• **Prompt**
Could the listing below be returned exactly, with its pictures left out?

• **Recorded information**
━━━━━━━━━━━━━━━━━━━━━━━━━━━━━━

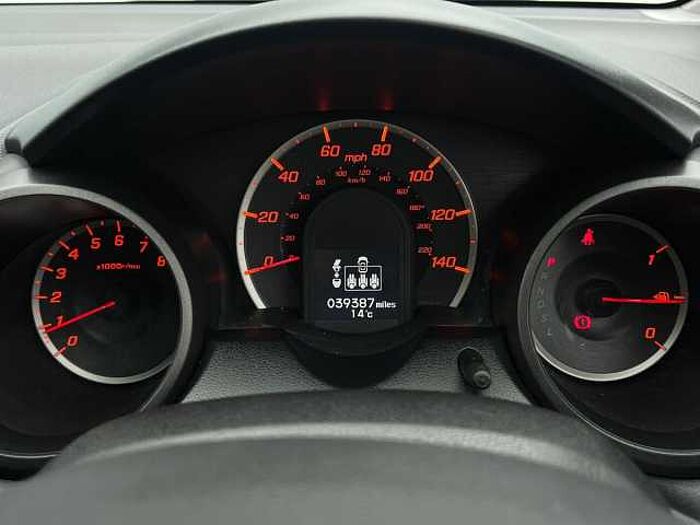 Honda Jazz I-Vtec Ex Cvt 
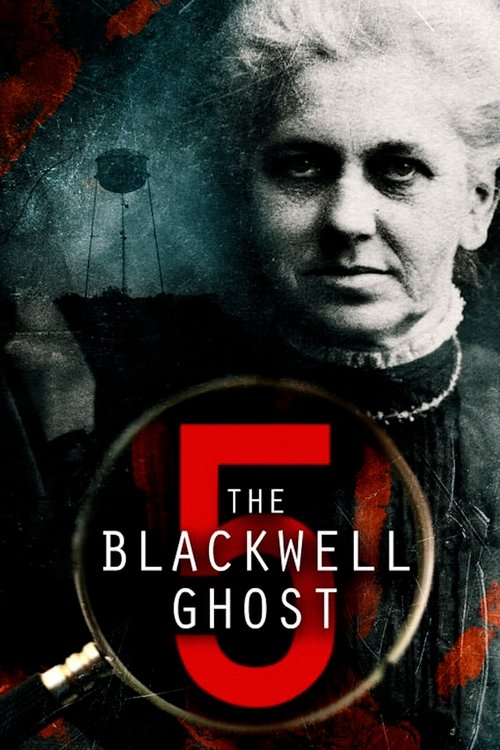 The Blackwell Ghost 5 — постер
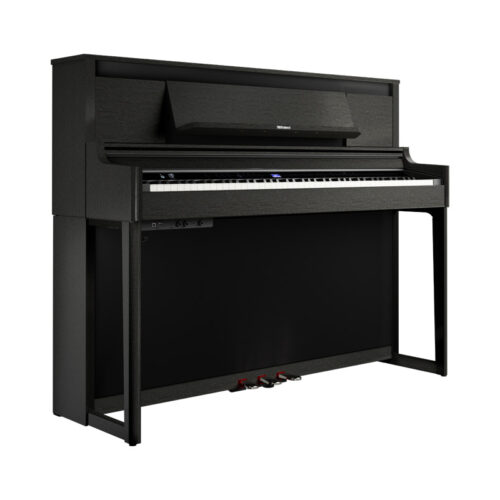 Piano numérique ROLAND LX-6 Noir mat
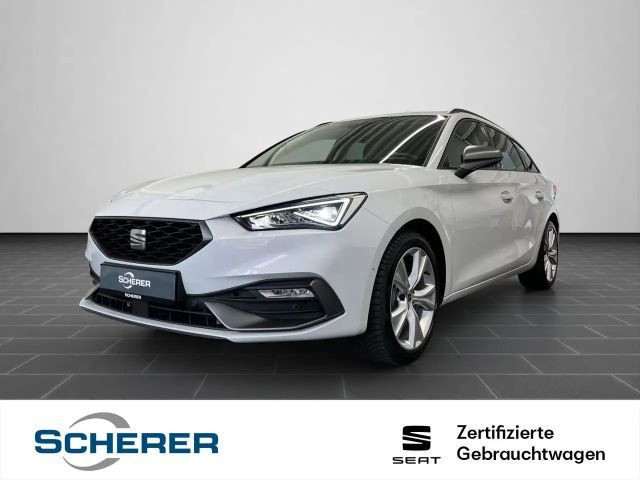 Seat Leon FR-lijn Sportstourer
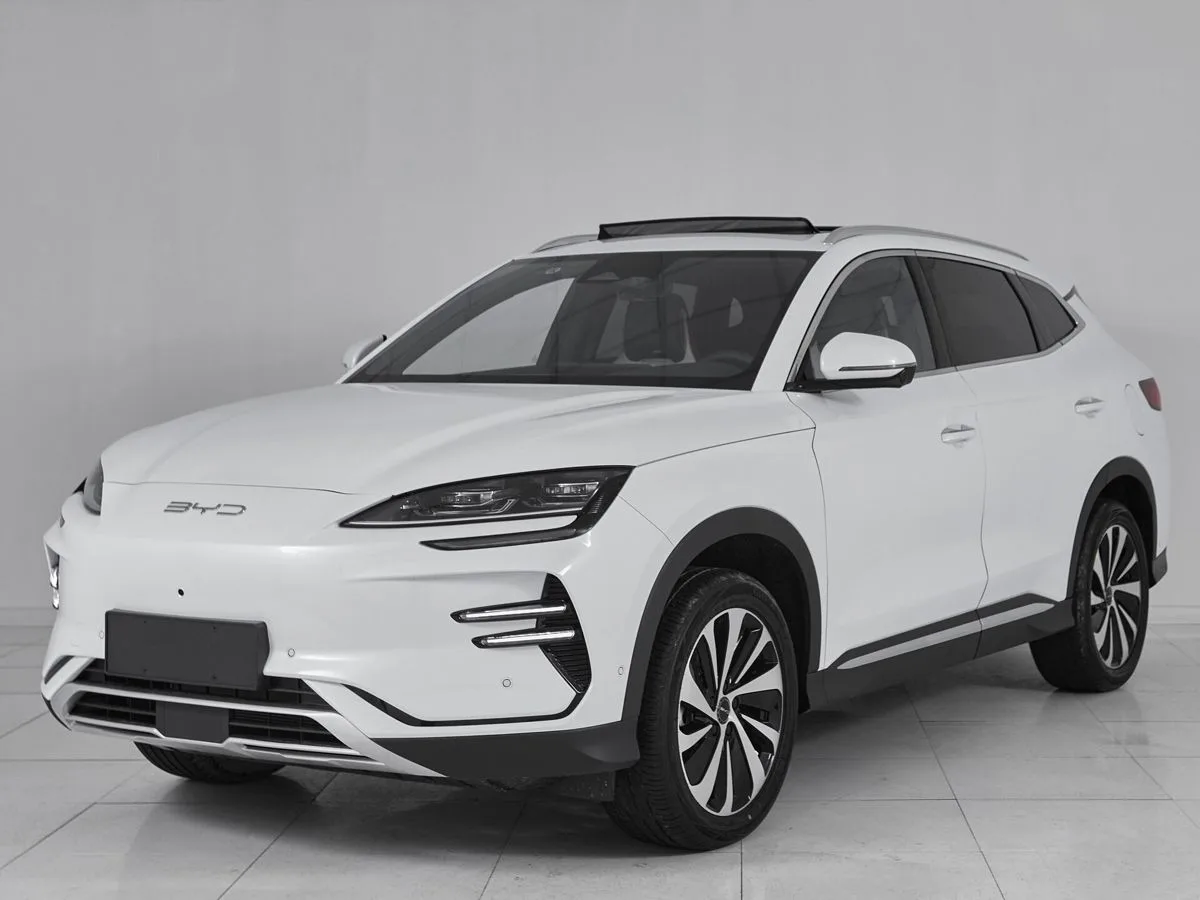 BYD Song Plus I · Champion Edition Flagship Plus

━━━━━━━━━━━━━━━━━━━━━━━━━━━━━━

• **Output of the exercise**
 Honda Jazz I-Vtec Ex Cvt 
 The Blackwell Ghost 5 — постер
 Piano numérique ROLAND LX-6 Noir mat
 Seat Leon FR-lijn Sportstourer
 BYD Song Plus I · Champion Edition Flagship Plus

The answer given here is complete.